Izdıraplardan ızdırap beğen!

Neyse günümüze dönelim: Sistine Şapel'inin içinde resim çekmek ve konuşmak yasssaaah! Resim çekme yasağının sebebi küreselleşen dünyamızda tavanın restorasyonunu finanse eden japon bir firmanın (artık hangisi ben de hatırlayamadım) 20 seneliğine tavanın resimlerinin telif haklarını satın almasıymış... Yani soldaki fotoğraf gözü kara biri tarafından, makinesine el konulma pahasına çekilmiştir (ben değilim valla çeken- fotoyu aldığım internet sitesine foto kaynaklardan ulaşabilirsiniz).

Tiziana'nın anlattıklarından sonra tavanı daha bir detaylı incelerken hakikaten bazı şeyleri görmeye başladık.

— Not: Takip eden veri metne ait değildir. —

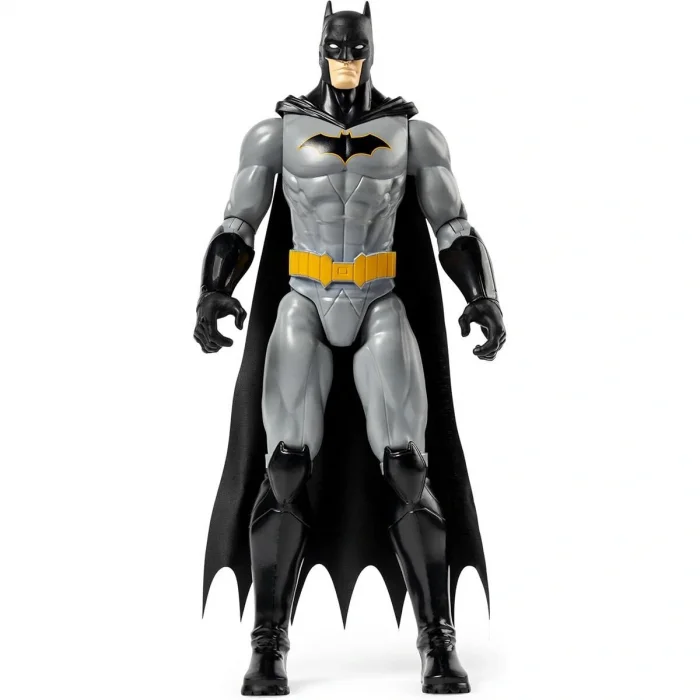 Spm-6071134 Batman Fgr 12in Btmns S1 V1 Sustnble Rf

Mesela, esere Nuh Peygamber'den başladığını ve o karede ne kadar çok ince iş olduğunu, adeta tuvale resim çizercesine bir fresco yaptığını hemen görebiliyorsunuz... Fresco sanatında ustalaştıkça Mikelanjelo daha az detayla, tekniğe hakim bir şekilde her bir bölümü giderek daha net ve kocaman kocaman çizdiğini görebiliyorsunuz :))

Masal anlatır gibi Tiziana'nın anlattıklarını dinleye dinleye- arada bir "Silenzioooo!!" diye bağıran güvenlik görevlileri tarafından susturulsa da- önce tavanımızı inceledik ve Mikelanjelo'nun Papa Julius 2'nin oturduğu koltuğa doğru özel bir mesaj içeren fresco'yu ağzımız açık ve kikirdeyerek kafalar ağrısa bile uzun uzun inceledik:


Artık Fresco sanatında kaçıncı senesiydi bilemiyeceğim ama ustalştığı her şekilde belli olan bu güzelim bölümde (Tanrı Geceyi ve Gündüzü ayırıyor), Geceyi ayıran Tanrı'nın totosu açık ve o toto doğrudan Papa'nın oturduğu koltuğa yöneltilmişşş... Seni gidi Mikelanjelo seniiiii !!!!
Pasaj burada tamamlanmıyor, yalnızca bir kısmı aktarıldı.